Gordon Woolf has written a number of books, including Newspaper Production Using PageMaker 5 and How to Start and Produce a Magazine. For information on these books, see the Worsley Press web pages, or you may e-mail Gordon Woolf.
To design for attention -- and then be sure the message is read -- several lessons can be learned from that most mundane of printed material, the newspaper. Why do newspapers tend to look like . . . well, newspapers? Because their basic design works. Readers buy the paper every day.
Many newspaper design elements which keep readers coming back every day can be applied to other media. Obviously, these design techniques can be applied to flyers and newsletters, but they can also be applied equally effectively to the web pages and CD-ROMs.
One obvious design element is the juxtaposition of picture, headline, and text. Generally, a single picture dominates the page, even though a number of other pictures may appear there as well. This picture leads the eye into the page. If this picture shows a person looking to the left, it will be placed on the right hand half of the page. The picture should be placed first, although the length of any adjacent text will have some bearing on this placement.
The headline attracts and leads the eye into the story, so the text will start under the first letter of the headline unless the designer has made use of one of a limited number of other "tricks."

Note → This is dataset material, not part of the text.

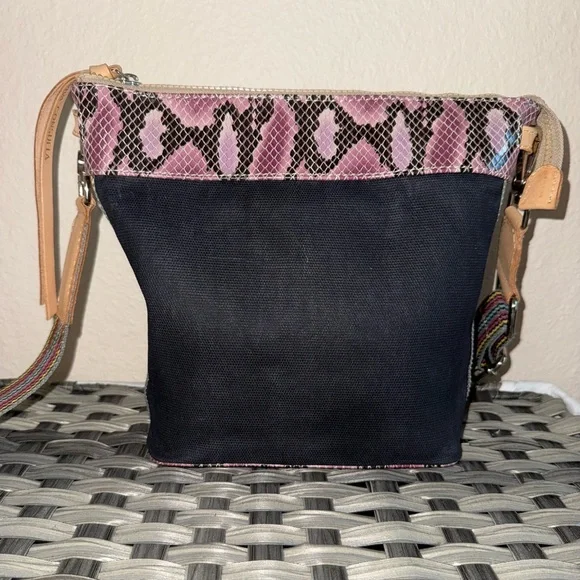 Consuela Crossbody Bag – Pink Python Print & Black Canvas with Rainbow Strap - Picture 11 of 17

Note how the eye will usually be led easily into the text even though the block of words may be long. Perhaps with a drop cap and with the first paragraph set in larger type with more leading (space between the lines), the eye can be guided more easily into the rest of the story. The mass of type can be further broken up with crossheads, break-out quotes, and maybe even a sidebar (a section of the story with its own heading which breaks easily from the main text and attracts the reader).

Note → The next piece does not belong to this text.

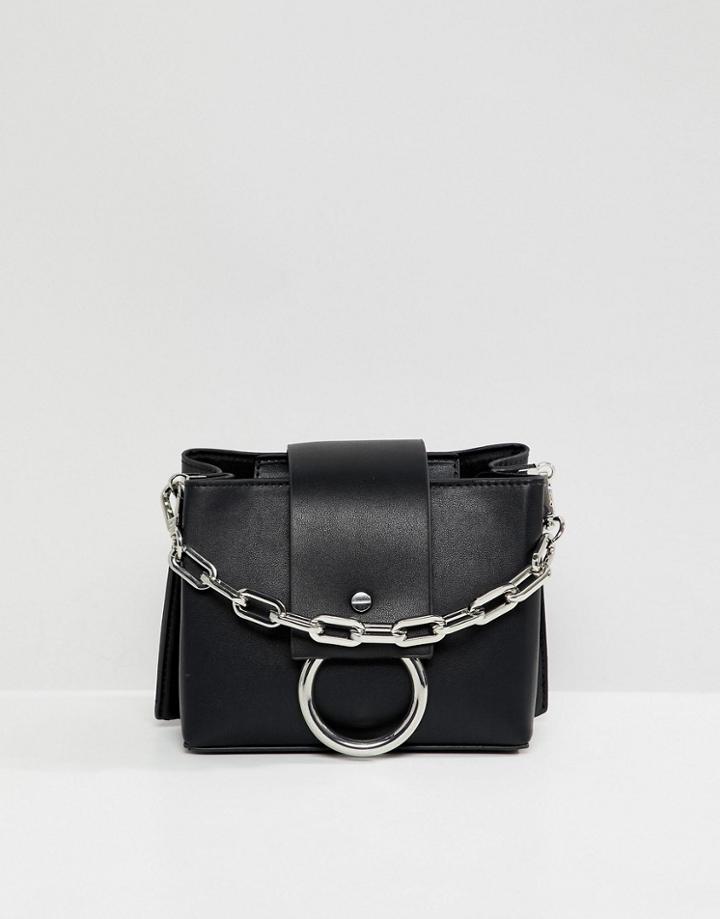 Aldo Ibilasien Black Structured Cross Body Bag With Metal Ring Detail - Black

Type columns are usually narrow to allow the eye to avoid tiring back-and-forth movement as it scans down the page. A column width of no more than six to seven words, or around 30 to 35 characters, is a good working rule.
Small type can be relatively easily read if it is in narrow columns (which is why insurance contracts and contest rules are printed in wide measure!)
When the eye reaches the end of a column, it should be led to only one place to continue -- the jump, and this should be automatic. Frequently this practice is broken, and usually by mistake. Without clearly understood jumps, all but the most committed readers will be lost.
Subsidiary heads, subheads, or break-outs which spread over more than one column can cause reader confusion by making part of the story look like a separate article.
Often embellishments to a page can seem attractive, but they can confuse the reader or distract from readability.
Before adding a drop shadow to every picture, consider whether the space required for the shadow might not be better used for a slightly larger sized picture that would be easier to see.
Recently I reached a web page which looked good at first, but as I started to read the text, the motion from a small gif file in the corner became disturbing. As I scrolled down past the gif, I realized the background display in a column at the side appeared to be moving the other way -- clever, but I just couldn't read on.
Backgrounds behind text can be equally disturbing. Basic newspaper design calls for reverses and tints to be used sparingly. Many papers have not only limits per page, but also total limits for any issue. However, if you do have type in reverse or on a tint, it must be bold, and it must be a size or two larger than normal body text.
Black on yellow is easy to read -- maybe even easier than black on white -- but black on red soon tires the reader, and under certain lighting just cannot be read at all.
So, by all means experiment, but let one rule apply above all others if you want your design to be read -- keep it simple!